Route information
- Maintained by Malaysian Public Works Department
- Length: 8.1 km (5.0 mi)
- Existed: 2022–present
- History: Will complete in February 2027
- Restrictions: 90 km/h (56 mph)

Major junctions
- Beltway around Tangkak
- Northeast end: Kampung Payamas
- FT 23 Federal Route 23 J187 State Route J187
- Southwest end: Tangkak Industrial Area

Location
- Country: Malaysia
- Primary destinations: Muar, Parit Bunga, Sungai Mati, Bukit Gambir, Bukit Kangkar, Tangkak, Sagil, Jementah, Gemereh, Segamat

Highway system
- Highways in Malaysia; Expressways; Federal; State;

= Tangkak Bypass =

Tangkak Bypass (Jalan Pintasan Tangkak; 东甲绕道) is a major highway bypass in Tangkak, a textile town in Johor, Malaysia. The 8.1 km highway bypass linking Johor Matriculation College in the northeast to Tangkak Industrial Area (Phase 1) in the southwest.

== History ==
The construction of Tangkak Bypass is a part of Muar–Tangkak–Segamat Road upgrade package.

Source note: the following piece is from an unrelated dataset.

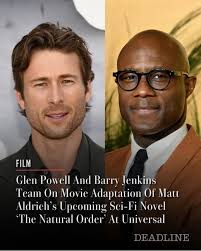 Luke Adams (@anotherlukeadams) · Instagram 照片和视频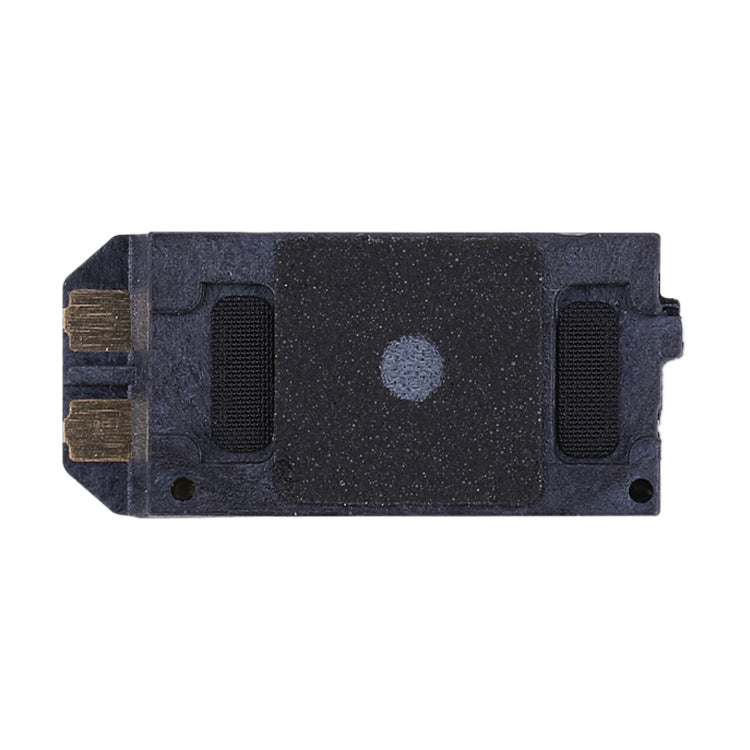 適用於 三星 Galaxy M10s SM-M107 聽筒 10個一賣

The Tangkak Bypass is expected to be completed in February 2027. The total costs of the constructions are RM 183.88 millions. Until December 2025, the construction progress is 66.19%.

== Features ==
The Tangkak Bypass comes with these features.
- 8.1 km four-lane dual carriageway
- Six traffic light intersections
- Four bridges
- Street lights

At most sections, the Tangkak Bypass was built under the JKR R5 road standard, allowing maximum speed limit of up to 90 km/h.